Two out of every three users worldwide rely on POLYSOUDE solutions and their guarantee of the highest weld quality and maximum productivity. POLYSOUDE has a complete range of open and closed welding heads and orbital welding power sources, dedicated to diverse applications such as:

  • tube to tube welding
  • tube to tubesheet welding
  • every size of wall thickness from thin to thick
  • welding tools for every type of workpiece

Modular welding heads and tools easily adapt to various applications covering a wide range of diameters, wall thicknesses and workpiece geometries.

Orbital TIG Welding Machine & Equipment, Orbital Tube and Pipe Welding: Polysoude

An orbital welding installation is generally composed of the following equipment:

  • a programmable power source with a remote control pendant
  • a welding head
  • a wire feeding device, if required by the application

In addition to its range of orbital tube and pipe welding equipment, POLYSOUDE provides complete automated installations for the TIG/GTAW, Cold/Hot Wire and Plasma process as well as related combinations, to meet all your requirements. Only automated welding can guarantee limited heat input during welding, thereby safeguarding the material properties.
POLYSOUDE hardware solutions, in conjunction with extensive welding services, are the guarantee that all customers will meet their production goals.
Special installations are designed according to customer needs. They generally consist of:

  • a welding power source
  • workpiece or torch manipulators, such as a column and boom, positioner or a robot.

All of these installations can be completed with data acquisition and video components.

What is Orbital Welding?

Orbital welding is a technique whereby the welding tool is rotated 360° around a static workpiece.
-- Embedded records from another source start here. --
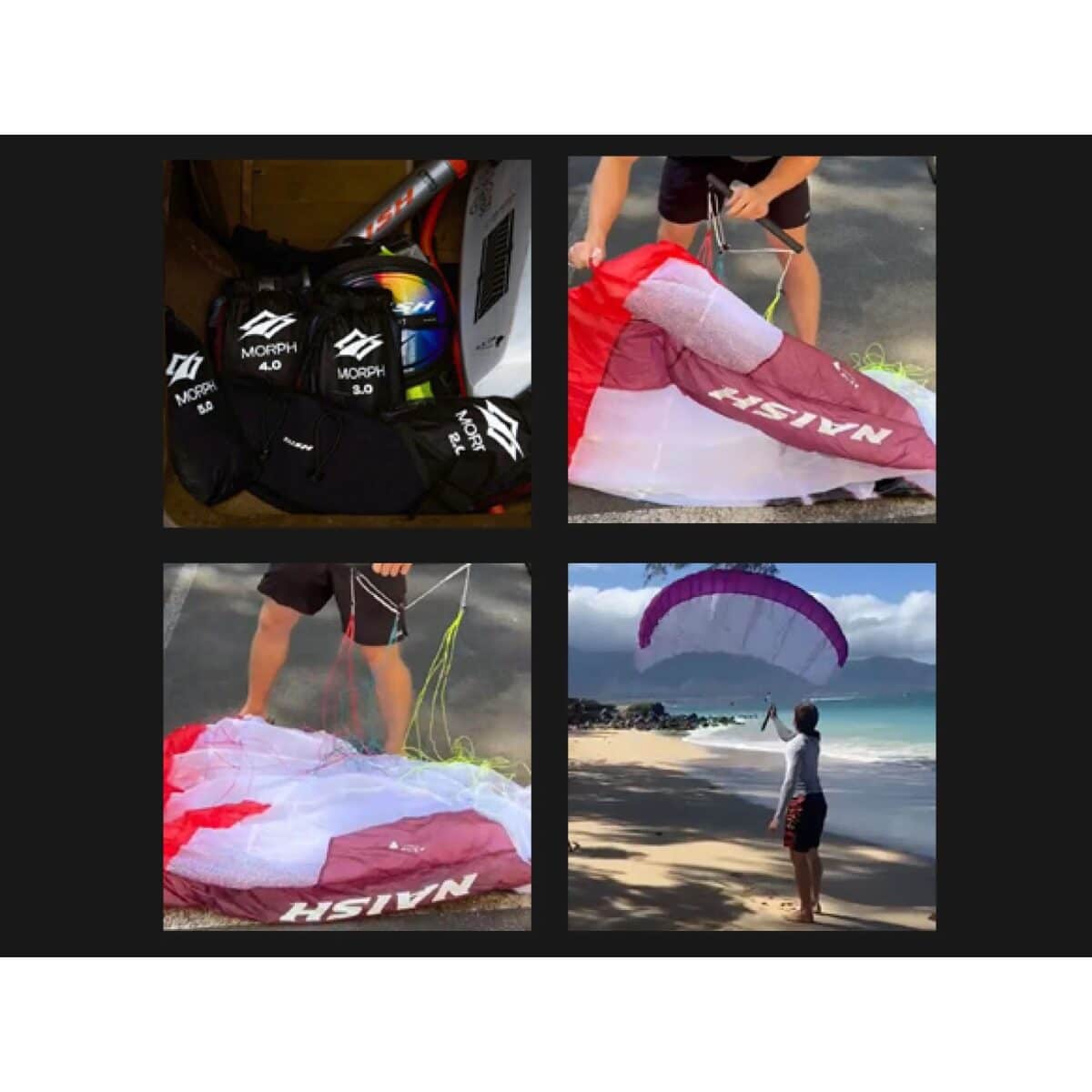 Naish Morph Parawing 2025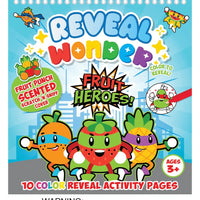 Reveal  Wonders - Fruit Heroes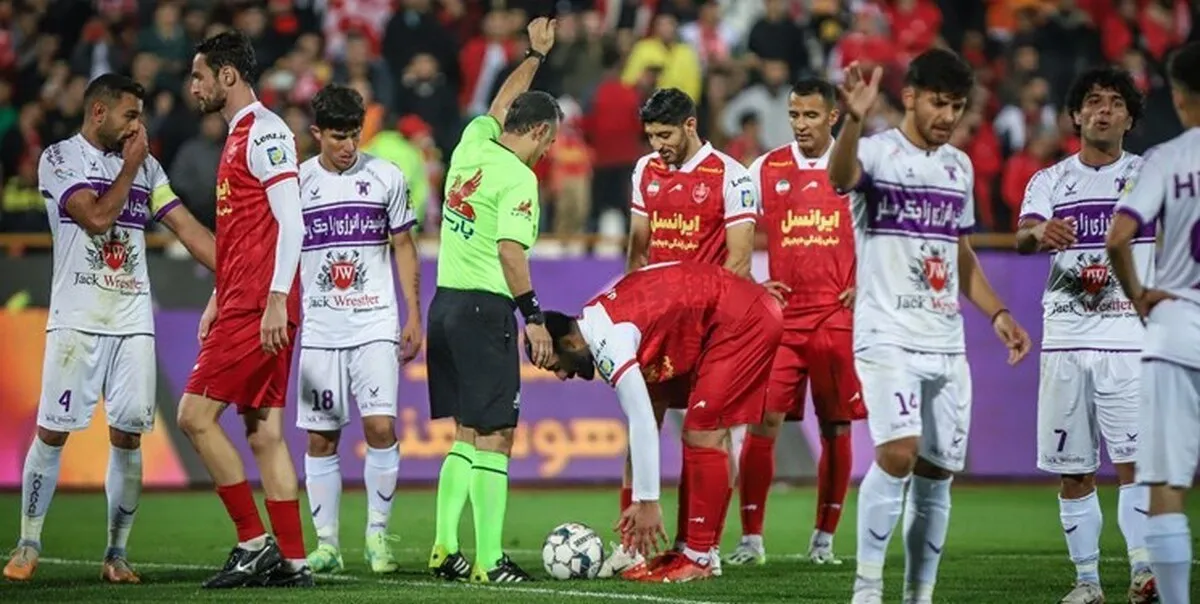موضع‌گیری تند داور پرسپولیس و هوادار علیه محمود فکری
Originally developed to solve the problem of operator error in Tungsten Inert Gas (TIG) welding (also known as Gas Tungsten Arc Welding (GTAW)), and allow for a uniform weld around pipes and tubes, which can be difficult to achieve with manual welding processes.

The orbital welding process can create high-quality repeatable welds with the use of a computer, meaning that there is little need for intervention from a welding operator. The process is used for two main applications; tube-to-tube / pipe-to-pipe joining and tube-to-tubesheet joining.

The process was originally developed by the aerospace industry in 1960 by Roderick Rohrberg of North American Aviation to address fuel and hydraulic fluid leakages in the X-15 rocket research plane. In the 1980s, improvements in control systems, portability and power supplies meant that orbital welding machines could be transported between construction sites.

What is orbital welding used for?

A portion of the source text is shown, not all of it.